▶ What you are asked to do
Starting with the line where "Bamboo Airways chính" appears, print every line through the end of the entries below exactly as it stands, and leave out the pictures.

(Pictures with short captions)
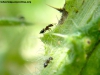 Ecosistema Cremas_3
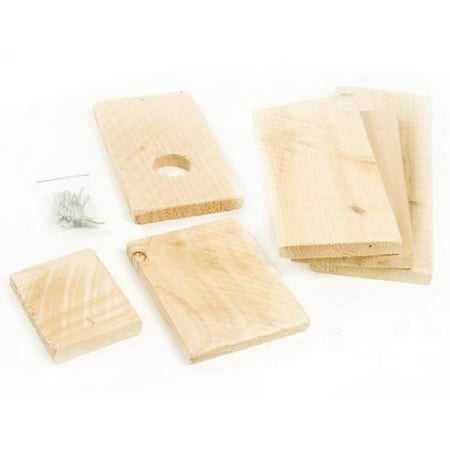 Songbird Essentials DIY Build a Birdhouse Bluebird Kit 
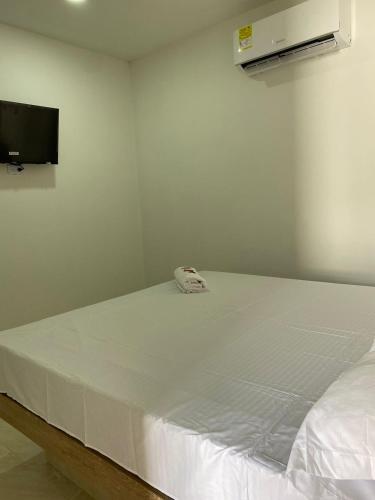 BaranoaMOTEL SANTORINI的带电视的客房内的一张白色床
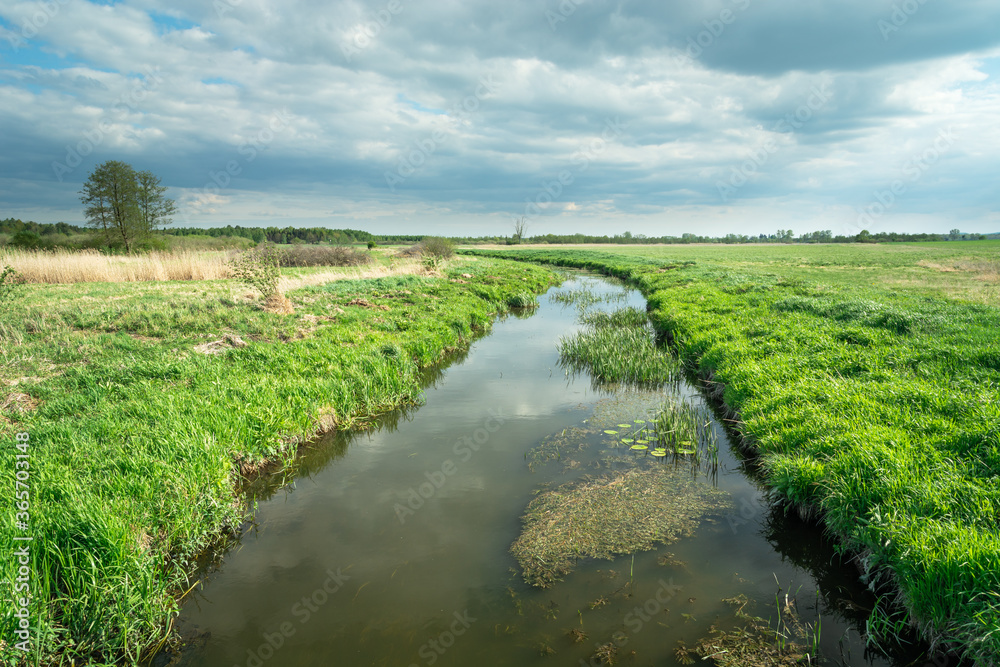The small river Uherka flowing through green meadows in eastern Poland The small river Uherka flowing through green meadows in eastern Poland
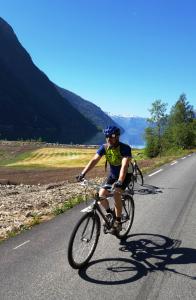 Cycling along the Ulvikfjord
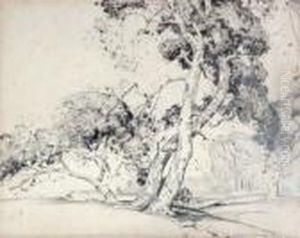 Old Sycamores by Alfred Heber Hutty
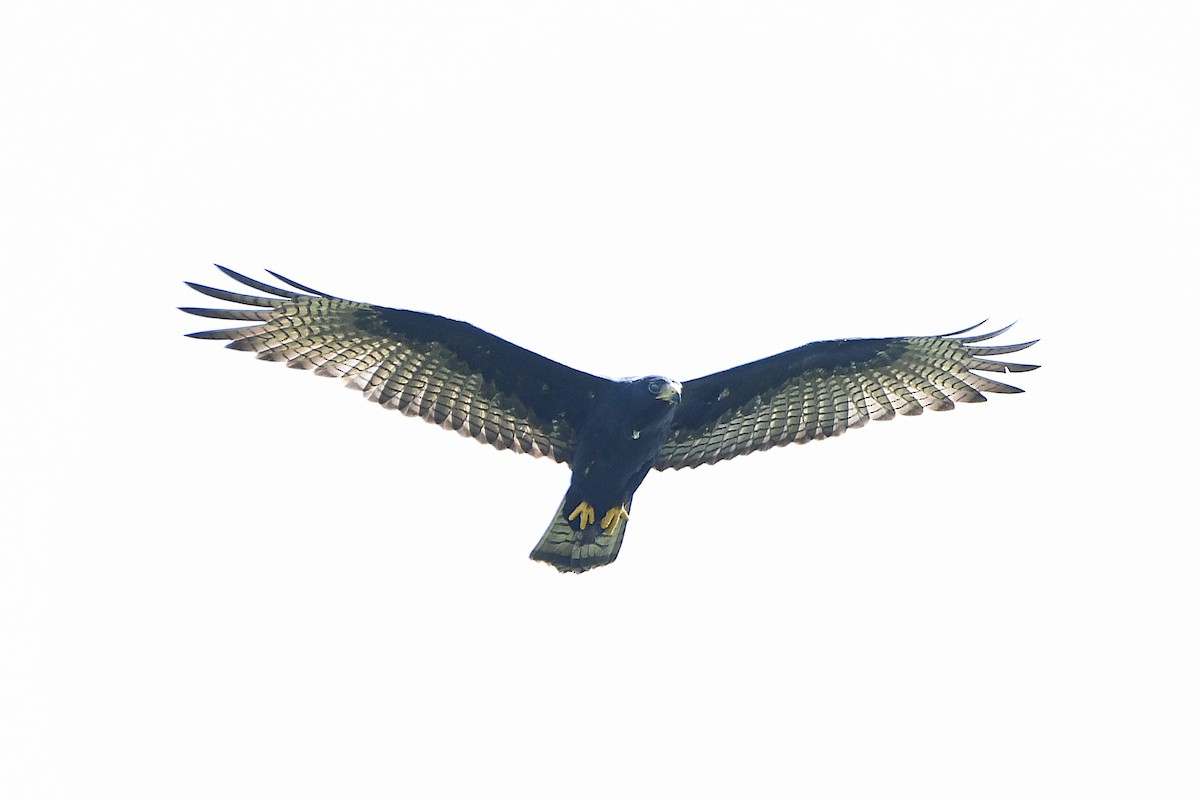 Zone-tailed Hawk - ML617596094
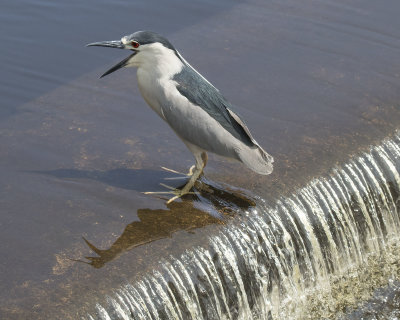 Blackcrowned_Night_Heron_calls_by_waterfall.jpg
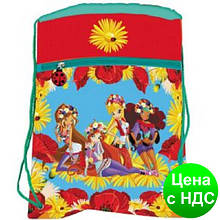 Мішок для взуття зі змійкою JO-15101 "Українські дівчата WX"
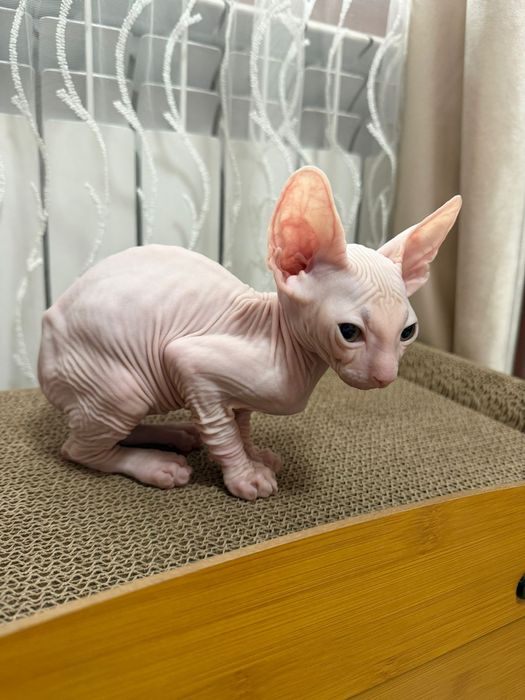 Продам кота сфинкс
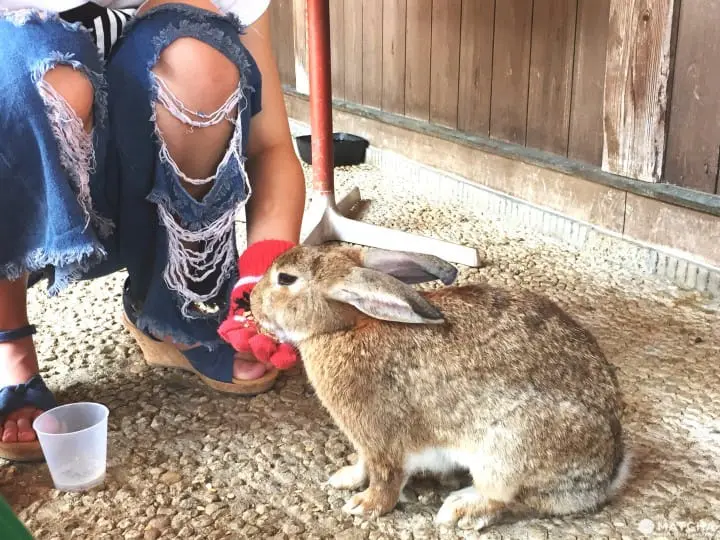 兔迷注意！加賀「月兔之鄉」 親子同遊與兔同樂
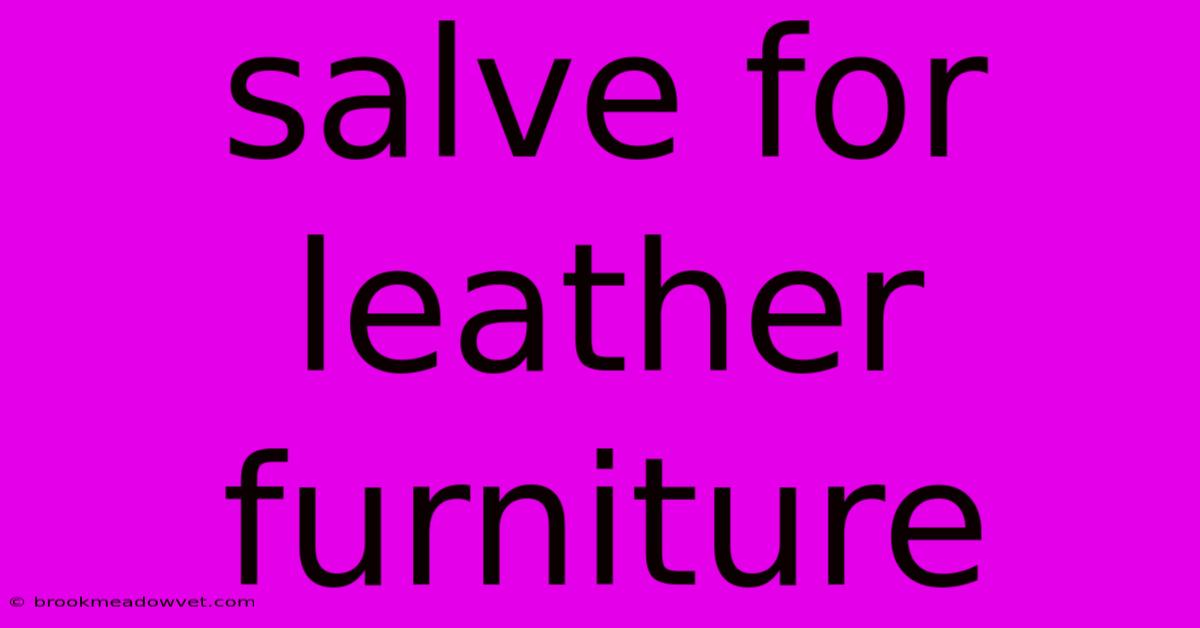 Salve For Leather Furniture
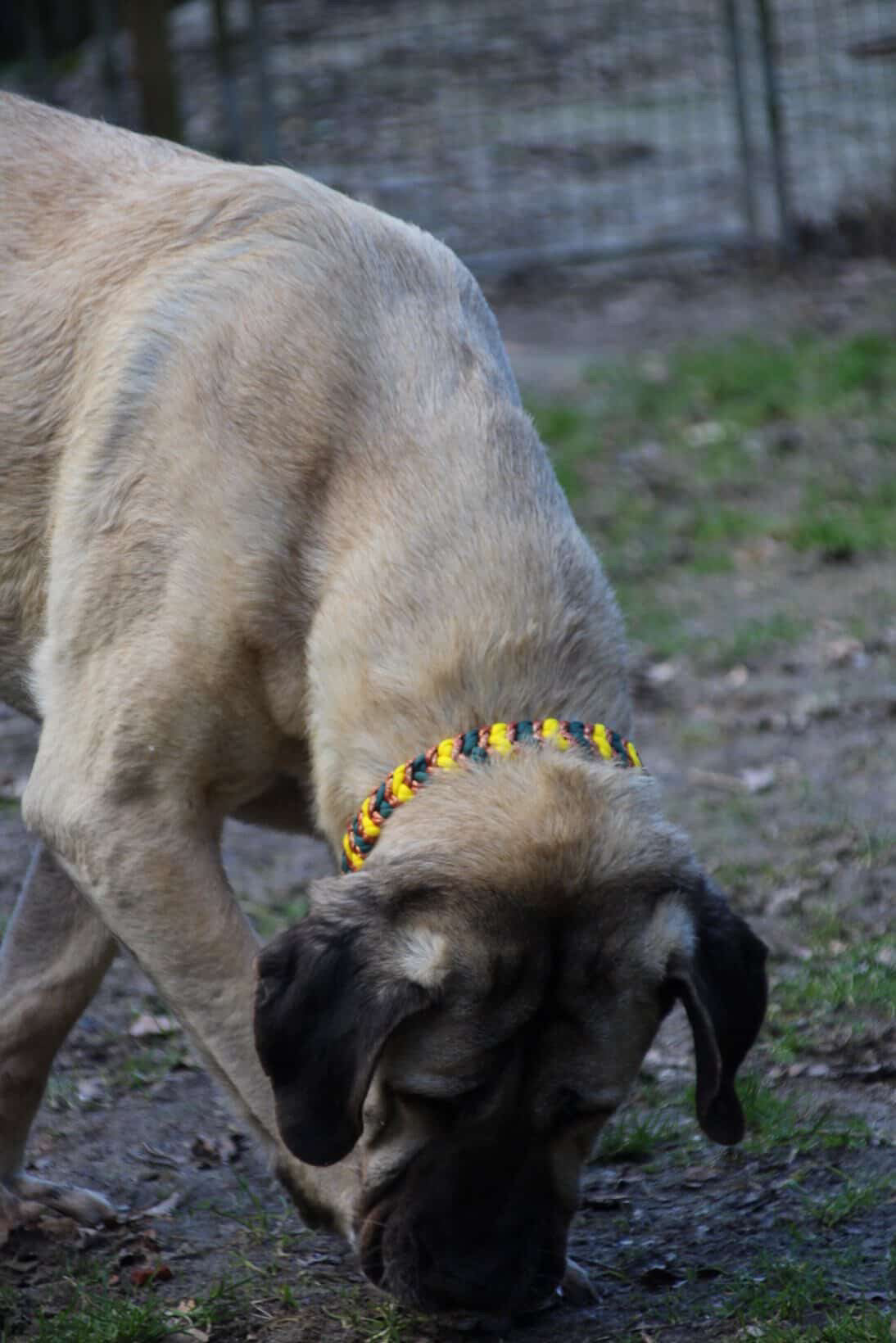 Halsband Snake Belly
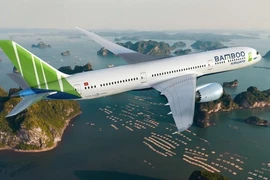 Bamboo Airways chính thức nhận được quyền bay thương mại. (Nguồn: Tập đoàn FLC)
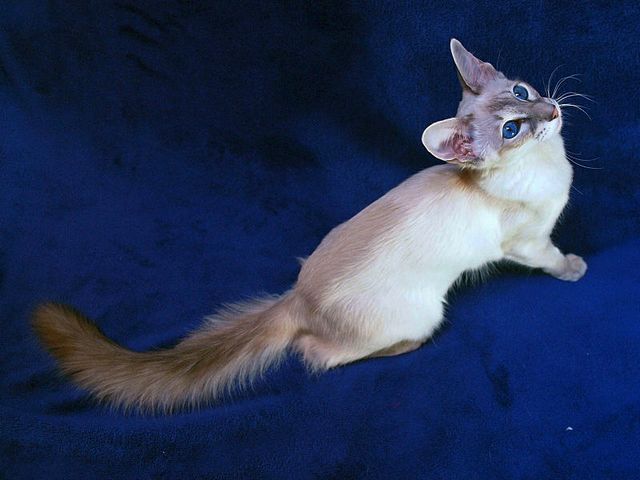 Выведенные породы кошек в Гулькевичи | ЗооТом портал о животных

▶ Solution to the exercise
 Bamboo Airways chính thức nhận được quyền bay thương mại. (Nguồn: Tập đoàn FLC)
 Выведенные породы кошек в Гулькевичи | ЗооТом портал о животных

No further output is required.